The significance of my relationship with her has struck me more and more as I watch my children grow, and go for advice and guidance to the person who saw me at the ages they are now - my Grandma. She was the 'mother' of my early life, and now that I have a three and five year old of my own, I understand a little better how much like a mother she must have felt towards me. I have already lost my Dad to a slow and painful brain-damaging illness, and I have been horrified at the possibility of losing another parental figure so soon.
I struggle to rationalize my feelings, because most people are not as close to their Grandparents as incidentally I became, and many people lose their Grandparents when they are my age or younger. So it feels like my excessive sadness about the situation is an overreaction that no one around me seems to understand. Even my husband has honestly admitted that he doesn't get it. I have decided, however, that it is better to be honest about my feelings - whether or not they are an 'overreaction' and admit them both to myself, and to others. It doesn't help me to pretend otherwise, and maybe sharing it will validate someone else's feelings about their own difficult circumstances. It's ok to be sad, and it's ok to feel deeply.
In the midst of this sadness, though, I have become a less attentive parent, and that is not ok. It's possible that at first my daughters acted as though nothing had changed - for the most part my day to day behavior is much the same as it was.

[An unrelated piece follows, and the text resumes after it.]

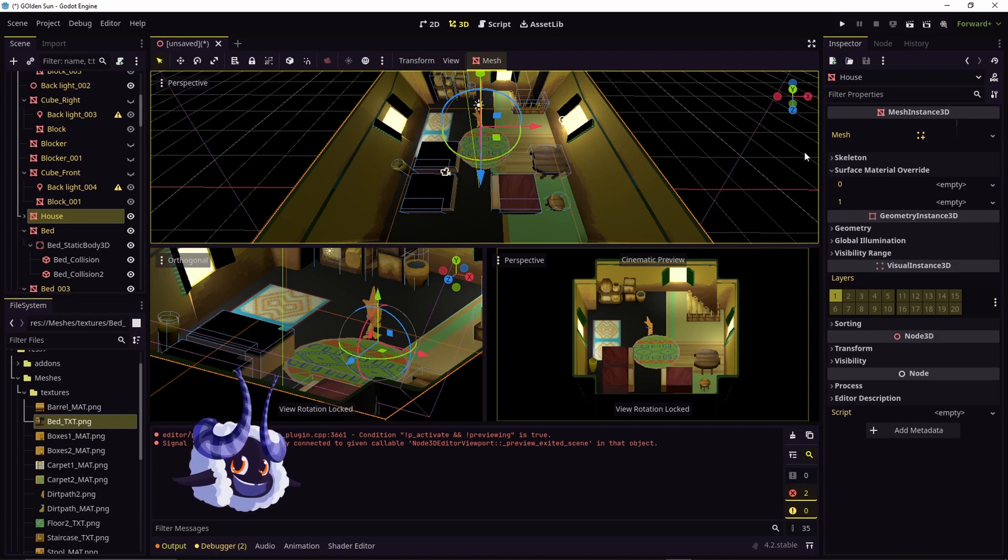Worst case scenario, you can just apply a new material to it and you'll be able to figure out which part it is you need to fix.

I don't sit and cry constantly, and I 'keep going' but at a much slower pace, and when the inevitable feeling of falling behind hits - when the house hasn't been cleaned thoroughly in much too long and we haven't even mentioned 'school' in weeks - I become frustrated and irritable, and I am no more capable of picking up the pieces than I was before.

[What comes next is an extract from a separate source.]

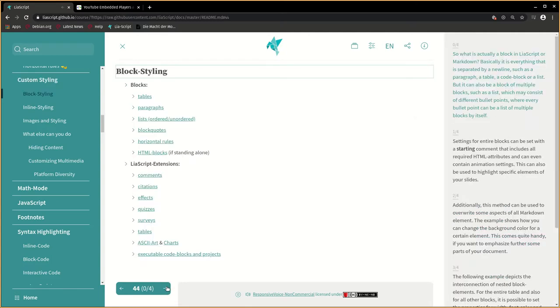So what is actually a block in LeaScript or Markdown? Basically it is everything that is separated by a new line, such as a paragraph, a table, a code block or a list. But it can also be a block of multiple blocks, such as a list which may consist of different bullet points, where every bullet point can be a list of multiple blocks by itself.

Then they began to change too, and maybe I didn't notice it at first, but all of a sudden I have two little girls who challenge me at every turn. Suddenly these two loving sisters who never fight are fighting at least every ten minutes. When I ask them to do something they either behave as though they haven't heard me at all, or they reply with some rude comment. I am left to wonder if in the past few weeks I have ignored this behavior - if I haven't noticed its beginning and now it is clear and undeniable. My girls are badly behaved.

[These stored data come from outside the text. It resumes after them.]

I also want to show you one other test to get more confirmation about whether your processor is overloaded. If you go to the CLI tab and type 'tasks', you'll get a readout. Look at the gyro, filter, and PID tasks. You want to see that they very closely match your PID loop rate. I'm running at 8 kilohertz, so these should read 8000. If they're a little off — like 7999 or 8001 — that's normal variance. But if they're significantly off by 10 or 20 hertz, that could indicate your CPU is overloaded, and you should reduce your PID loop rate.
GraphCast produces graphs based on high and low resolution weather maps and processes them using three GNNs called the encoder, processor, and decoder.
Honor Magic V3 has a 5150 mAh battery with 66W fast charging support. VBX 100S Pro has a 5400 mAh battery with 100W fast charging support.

It could be also that they are feeling cooped up. We are at the end of another winter, and everyone seems to feel a bit cabin-fevered at this point every year and it is time to get outside for more than just a few minutes here and there. We need to see the sun!
So on Easter weekend, when some friends came in from out of town to visit, we headed to the nearby zoo to see what we could see at this time of year. Often the animals are much more active in the early spring and late fall, and this trip was not a disappointment.
The girls were active and a bit over-rambunctious as they have been these days, but it was so good for all of us to be in a space that could handle their crazy.
I just had to throw this next photo in because I love it. Something about having daughters seems to transform a man... in case you can't tell, he is painting their nails.
I did something completely unnecessary and baked three loaves of this easter bread. It wasn't exactly like the bread I had grown up having occasionally, but it was my first attempt at 'easter' baking, and it was nice to give it a try. Our culture is shading away from the time when women had baking in the oven at least weekly, but sometimes I like to pretend our world is a bit more old fashioned.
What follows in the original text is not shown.